Başta engelliler olmak üzere toplumun tüm dezavantajlı kesimleri için ise yaşam daha fazla ağırlaşmakta, engeller çoğalmaktadır. İktidar bu krizi arka arkaya yapılan zamlarla, yeni vergilerle işçilerin, emekçilerin ve yoksulların sırtına yıkmakta, kamu işçi ve emekçisine karşı kuruşun hesabını yaparken, yandaş sermaye gruplarının borçlarını ödemek için kamu maliyesinde kesenin ağzını sonuna kadar açmakta bir beis görmemektedir. Krizle boğuşan Türkiye’ye bu iktidarın cevabı daha çok silah alacak, doğayı daha çok talan edecek uygulamalar, işten atmalar, işsizlik, yoksulluk, pahalılık olmaktadır.

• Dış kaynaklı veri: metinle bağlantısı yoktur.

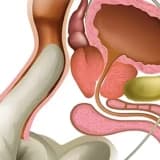 Prostatit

Ancak emekçi yoksul halkların, işçilerin, köylülerin, gençlerin, kadınların direnişleri parçalı da olsa tüm coğrafyamızda çoban ateşleri olarak parlamaktadır. HDP hakları ve yaşamları için direnen, özgür ve eşit bir yaşam isteyen; geleceğini barış, demokrasi, adalet ve eşitlikte görerek direnenlerin tüm direnişlerini selamlamaktadır. Bu coğrafya zalimlikte sınır tanımayan bu iktidarın da ömrünün uzun olmayacağını gösteren pek çok direniş tarihine sahiptir. Partimiz direnişin ve geleceğin birlikte kurulabileceğini ispat etmiş geleneklerin ortak hafızasının ve kolektif iradesinin taşıyıcısıdır. Halkların umudu ve ortak bir geleceğin güvencesi olmaya devam edeceğiz.

9-Faşizmin partimize ve tüm demokrasi güçlerine saldırılarının aralıksız devam ettiği, partimizi suçlayan, etkisiz kılmaya çalışan operasyonlarını sürdürdüğü bu günlerde Parti Meclisi olarak geleceğini demokraside gören tüm güçleri ‘‘HDP’yle KENETLENMEYE’’ çağırıyoruz. HDP’yi bu saldırılardan korumak, büyütmek ve güçlendirmek bir demokrasi ve vicdan görevidir. Bu bilinç ve kararlılıkla sürdürdüğümüz örgütlenme ve direniş yolculuğumuz sürmektedir. Demokrasi nöbetlerimizi, adalet taleplerimizi, özgürlük direnişlerimizi eş zamanlı olarak aynı coşku ve heyecanla sürdürmeye devam edeceğiz.